◆ Task objective ◆
Return an exact copy of the lines from the one holding "Chinese Laundry Surf Stud Sandals-Tan" to the end of the data, including both the starting and final lines. Leave the pictures out.

◆ Data segment ◆
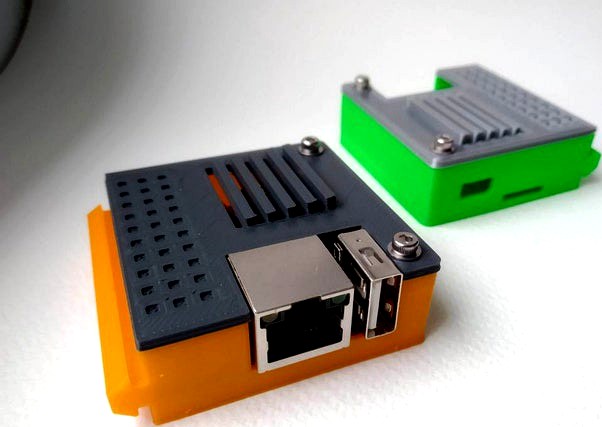 Orange Pi Zero Case with 2020 Extrusion Mount (Octoprint Server) V2.0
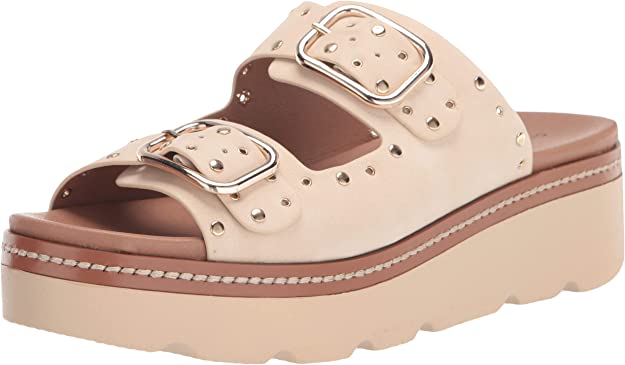 Chinese Laundry Surf Stud Sandals-Tan
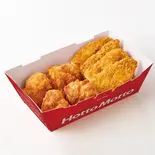 白身フライ＆チキンBOX（ほっともっと 箱崎1丁目店）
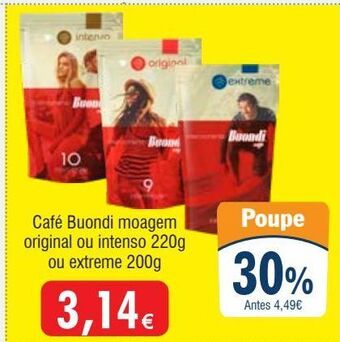 Froiz Café buondi promoção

◆ Completed task ◆
 Chinese Laundry Surf Stud Sandals-Tan
 白身フライ＆チキンBOX（ほっともっと 箱崎1丁目店）
 Froiz Café buondi promoção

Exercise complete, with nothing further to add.